UniSA wins funding to tackle Indigenous diabetes and cardiovascular epidemic


The National Health and Medical Research Council has awarded researchers at UniSA a prestigious Program Grant to support research into the causes, appropriate interventions and health system changes that will help reduce the incidence and adverse health impacts of diabetes and cardiovascular disease in Indigenous populations.

Lead investigator and Director of UniSA’s Sansom Institute for Health Research, Professor Kerin O’Dea and her UniSA colleagues Professors Robyn McDermott, John Lynch, and Leonie Segal, with Kevin Rowley from the University of Melbourne have been awarded more than $8 million over five years.

Professor O’Dea says support for the project will help to tackle a serious and urgent problem.

“The impact of diabetes and cardiovascular disease is devastating because it is affecting Indigenous people at such young ages, and at rates around 10 times higher than non-Indigenous Australians,” Professor O’Dea said.

“The research team will be developing comprehensive approaches to the problem by combining strengths in epidemiology and population health with expertise in interventions at the community and population level, health economics and health systems change.”

The NHMRC Program Grant will support a multi-skilled team of senior and junior researchers with Indigenous partners to better understand the development of these conditions and guide the development of diet, lifestyle, clinical and health system interventions in order to minimise their adverse impacts and improve health overall.

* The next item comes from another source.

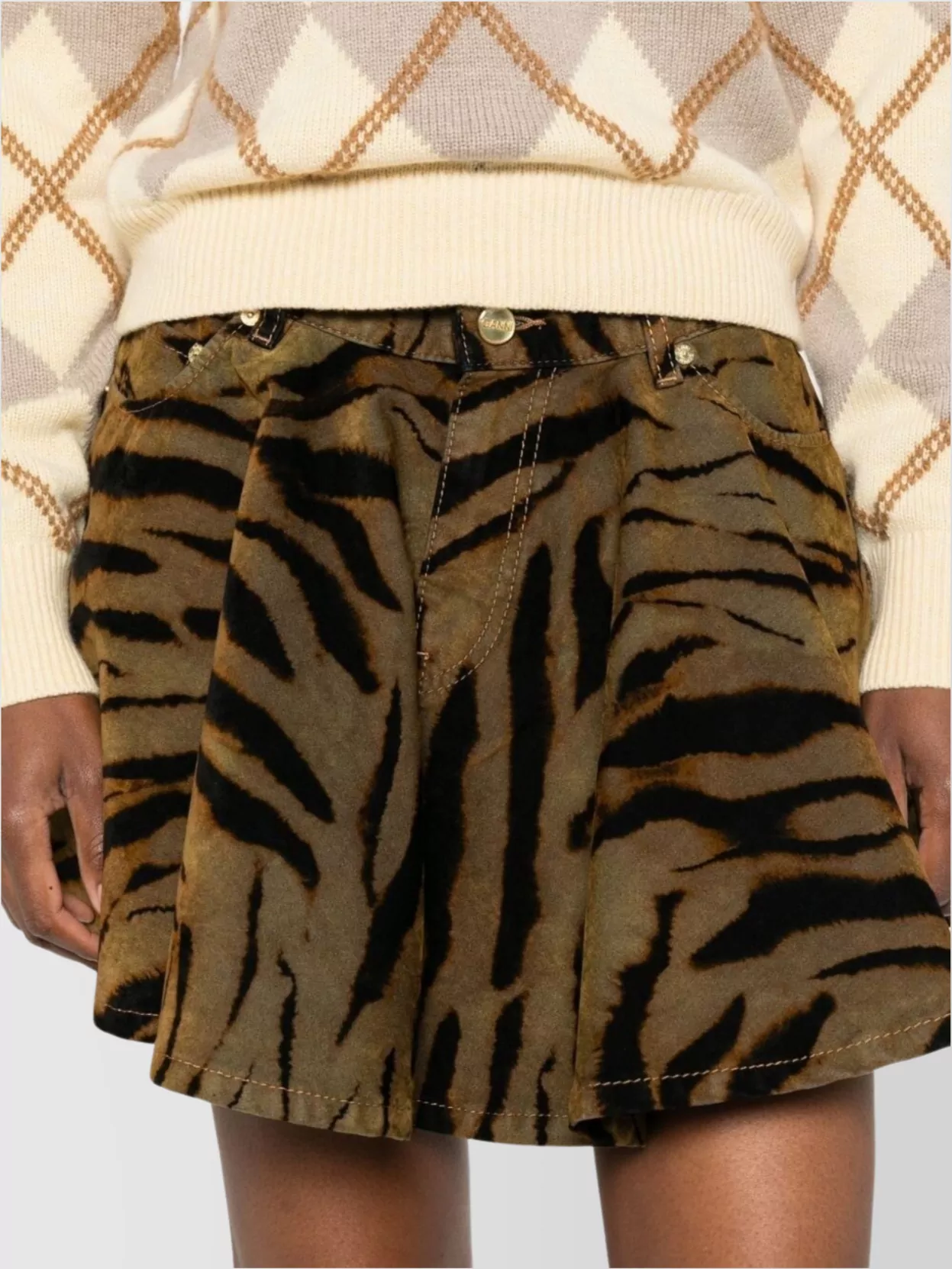 Ganni Animal Print High Waist Mini Skirt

“It is an exciting program and one we hope will make an important difference to Indigenous health outcomes into the future,” Professor O’Dea says.

UniSA Vice Chancellor, Professor Peter Høj said he was very pleased that the expertise of UniSA’s researchers had been recognised by the award of such a large and prestigious grant.

“The award of this Program Grant, along with Professor Robyn McDermott’s recent success in NHMRC Partnership grant funding and Professor John Lynch’s award of an Australia Fellowship in 2009, is a tribute to the international standing of UniSA researchers working in population health, and further adds to the University’s rapidly growing research income,” Prof Høj said.

“However, most importantly, in this and related research we hope to make a real difference to people’s lives in an area of great need.”